Benefit is claimed of U.S. Patent Application No. 62/241,994, filed Oct. 15, 2015, and entitled “Multi-Stage Oil Batch Boiling System”, the disclosure of which is incorporated by reference herein in its entirety as if set forth at length.

The disclosure relates to refrigeration. More particularly, the disclosure relates to oil reclaim vaporizers for chiller systems.

In refrigeration systems such as chillers, it is known to use a vaporizer to separate refrigerant from a refrigerant/lubricant (oil) mixture. U.S. Pat. No. 6,672,102 of Huenniger et al. discloses a system wherein a vaporizer receives a refrigerant/lubricant mixture flow drained from an evaporator. The flow is mostly oil and it is desired to remove the refrigerant before returning the oil to lubricate the compressor. The flow is placed in heat exchange relation with a hot gas bypass flow passed from the compressor discharge to the evaporator. Vaporized refrigerant is passed to compressor suction and oil is drained to an oil sump to be returned to a compressor oil return port for lubrication (e.g., of bearings and rotors).
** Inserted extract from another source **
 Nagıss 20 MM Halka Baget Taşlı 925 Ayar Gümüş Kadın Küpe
PCT/US2012/048562 of Molavi discloses an alternative vaporizer configuration. PCT/US2014/054193 of Molavi et al. discloses yet another alternative vaporizer configuration. The disclosures of these applications are incorporated by reference in their entireties herein as if set forth at length.
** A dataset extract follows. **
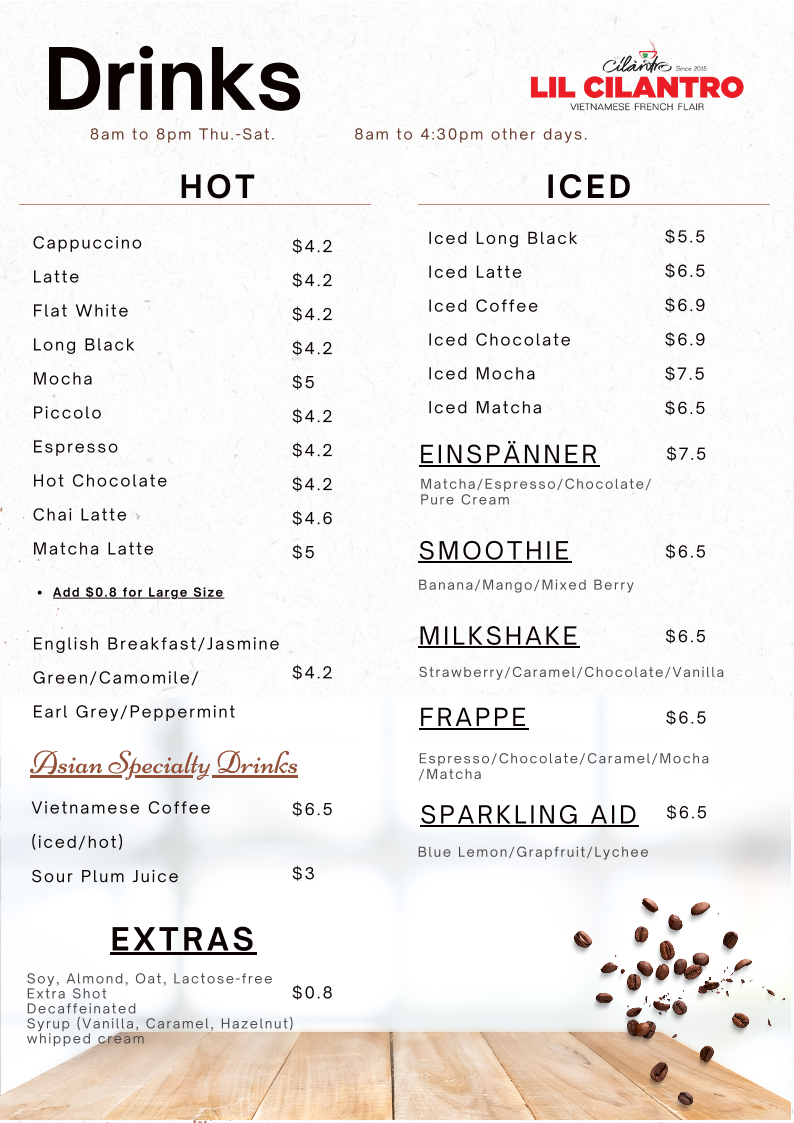 Menu, Lil Cilantro Cherrybrook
One aspect of the disclosure involves a vapor compression system comprising: a compressor having a suction port and a discharge port; a refrigerant flowpath from the discharge port and returning to the suction port; a first heat exchanger along the refrigerant flowpath; a second heat exchanger along the refrigerant flowpath; and a vaporizer system. The vaporizer system comprises: a first vaporizer and a second vaporizer each comprising: a vessel having an inlet, a vapor outlet, and a liquid outlet; and a gas bypass flowpath in heat transfer relation with an interior of the vessel.

In one or more embodiments of any of the foregoing embodiments, the first vaporizer vessel and the second vaporizer vessel are separate vessels.

In one or more embodiments of any of the foregoing embodiments, the first vaporizer vessel and the second vaporizer vessel are each a metallic vessel having a cylindrical sidewall and domed end walls.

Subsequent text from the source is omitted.